Des populations ont l’impression de vivre dans un ensemble de dérèglements sur fond d’urgences sociales relatives aux conditions de vie et aux déséquilibres économiques, sociaux, politiques, moraux…
Car au lieu de prendre en compte les préoccupations et des problèmes conjoncturels des populations dans la misère, afin d’y apporter des solutions structurelles, nos gouvernants sont engagés dans d’âpres disputes de positionnement ou d’accaparement des sinécures en vue des élections locales à travers une mauvaise communication sur l’agenda et une « overdose » de communication sur les réalisations du gouvernement. 

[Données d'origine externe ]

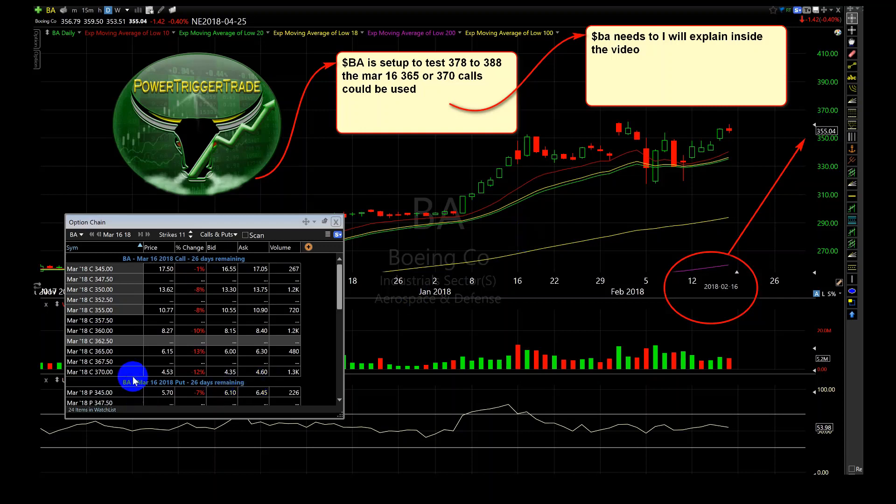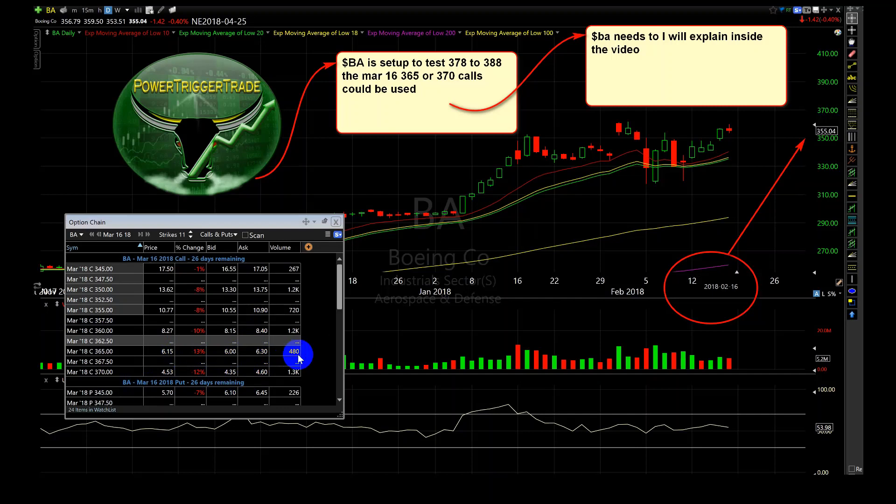As you can see them over here, these 370 calls close around, there's a bit of a spread, but they do change it. The 370s are trading very well, the 365s didn't have as much volume, but the 360 has a lot of volume.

Le véritable débat qui vaille aujourd’hui, c’est le débat de la croissance économique qui est le seul garant d’un Sénégal émergent. Et pour ce faire le gouvernement doit s’atteler sans perdre de temps aux différents défis qui l’attendent à savoir le défi des infrastructures modernes, les transports et de l’énergie, la gestion des ressources naturelles et surtout une croissance partagée au bénéfice des populations car les politiques économiques et les richesses ont pour seuls objectifs de servir les populations.

Les autres préoccupations non moins importantes des populations demeurent : l’accès à l’électricité, l’accès à l’eau potable, l’accès à l’éducation, l’accès à la santé, qui constituent un casse-tête pour beaucoup de Sénégalais.
Malgré la volonté forte du Président de redresser la croissance en misant sur le social et la traque des bien mal acquis pour soulager les sénégalais et de satisfaire une demande sociale, la problématique de l’emploi reste l’arbre qui cache la forêt.
Le secteur privé vit dans le désarroi avec un tissu industriel national qui va de mal en pis, un taux de croissance très bas contrairement aux économies voisines, des politiques démagogiques sur les prix des denrées alimentaires, l’agence de développement et d’encadrement des petites et moyennes entreprises ne disposant pas suffisamment de ressources pour assister les entreprises au bord du gouffre, un environnement des affaires à assainir, des réformes fiscales à améliorer, faible taux d’implantation d’industries qui de plus en plus rendent le bilan dans une quasi-indifférence.
Au demeurant, en dépit des mesures et/ou réformes salutaires, populaires et politiques (couverture maladie universelle(CMU), la baisse du prix du loyer, l’audit physique et biométrique des agents de l’Etat, la bourse sociale…) prises par l’Etat du Sénégal et le « succès » du Plan Sénégal Emergent ; l’urgence reste toujours la relance de la croissance économique pour atteindre l’émergence.
En définitive dans un souci de rompre d’avec la continuité et marquer la rupture tant attendue, le gouvernement, les acteurs politiques et les citoyens qui font de moins en moins confiance aux politiques, doivent avec dévouement bouleverser leur mode de penser comme l’a suggéré Amin Maalouf, il faut : « une nouvelle vision politique de l’économie, du travail, de la consommation, de la science, de la culture, de la technologie, de l’identité, de la religion de l’histoire ; une vision enfin adulte de ce que nous sommes ». Et cela en vue de contribuer moralement avec engagement, sagesse et lucidité mais également avec « l’ardente colère des justes » à cette gigantesque entreprise qu’est la développement économique ( à travers des outils comme les 27 projets du PSE, les nouveaux mécanismes de financements tels que le Fonsis, le Fongip, la Bnde, la Caisse des dépôts et de Consignation ; et l’ANPEJ, le PPCM (projet pôle de développement de la Casamance), l’autoroute à péage, les sites minières de Kédougou, etc) pour combattre le mal développement et la régression qui s’annonce.